Art Show turns Seneca High School into gallery

Art Show turns Seneca High School into gallery

Jazz music filled the air. Conversations on different types of art were held. Young artists discussed their pieces with interested buyers. For one night, the media center at Seneca High School was transformed from library into art gallery.

With between 200 and 300 kids in the school’s art program, the media center was packed throughout the evening of May 15 as students, parents, residents and art enthusiasts wandered the aisles taking in sculptures, stencils, watercolors and more. The school estimated that 1,000 people may have attended the three-hour event. The show is the result of the work the students put in throughout the school year.

“From the first day of school they know when the date is and they work towards it all year. It is our big finale,” art teacher
Bob Dooley said. “This is just a snippet of the work they’ve done this year. Typically they’re working on a new project every two weeks or so.”

All six of the school’s art programs, from Art I to Advanced Placement Studio Art, participate in the event with the required number of pieces varying by which class students participate in.

“It’s a lot of work but it’s kind of awesome. You know this event is coming all year and you have to get everything done but it is all just worth it,” Art II student Calista Shontz said. “To see your work on display and hear people say it’s good is an amazing experience.”

The experience of seeing their work be studied by their families, friends as well as people they’ve never met is one that doesn’t get old. Senior Shelby Feltoon has been a part of the show since she started at Seneca.

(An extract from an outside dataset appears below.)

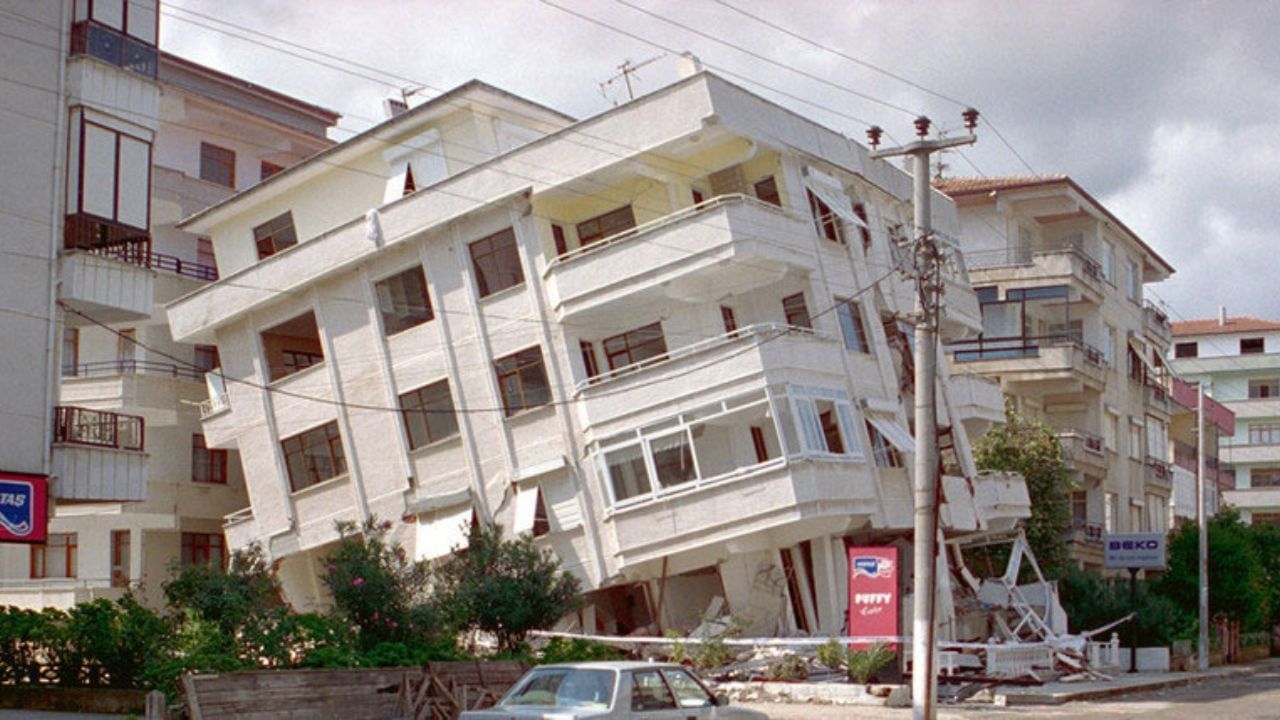 ભગવાન વિષ્ણુએ વરાહનું રૂપ ધારણ કર્યું અને સમુદ્રમાં છુપાયેલા રાક્ષસ હિરણ્યાક્ષની શોધ કરી. આ પછી જ્યારે ભગવાન વરાહ તેમની પાસેથી પૃથ્વી પાછી લેવા લાગ્યા, ત્યારે તેમણે ભગવાન વરાહને પડકાર ફેંક્યો. આ પછી રાક્ષસ હિરણ્યાક્ષ અને ભગવાન વરાહ વચ્ચે ભયંકર યુદ્ધ થયું. અંતે ભગવાન વરાહએ હિરણ્યાક્ષ નામના રાક્ષસનો વધ કર્યો. આ પછી, તેમણે પૃથ્વીને પોતાના દાંતમાં પકડીને સમુદ્રમાંથી પાછી લાવી અને તેને ફરીથી સ્થાપિત કરી જેથી લોકો પૃથ્વી પર રહી શકે.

“No, you never get tired of seeing your work on display, coming to these shows is incredible. It’s so exciting,” Feltoon said.

Senior Samantha Hagmayer, fresh off the lacrosse field, was not alone in seeing some of her pieces being sold to interested patrons.

“It’s long and a lot of work but to see your friends and people you know admire your pieces is extremely rewarding,” Hagmayer said.

The lessons from their years in Seneca’s art program are something that will stay with them whether they pursue art or not at the collegiate level.

“I’ve learned that I am capable of the unimaginable and so is every one else. Nobody should limit themselves. When I first started art, I enjoyed it but I was not very good. Sure it takes hard work, dedication, patience and time but if you have the drive and passion, you can create anything,” senior Stephanie Flemming said.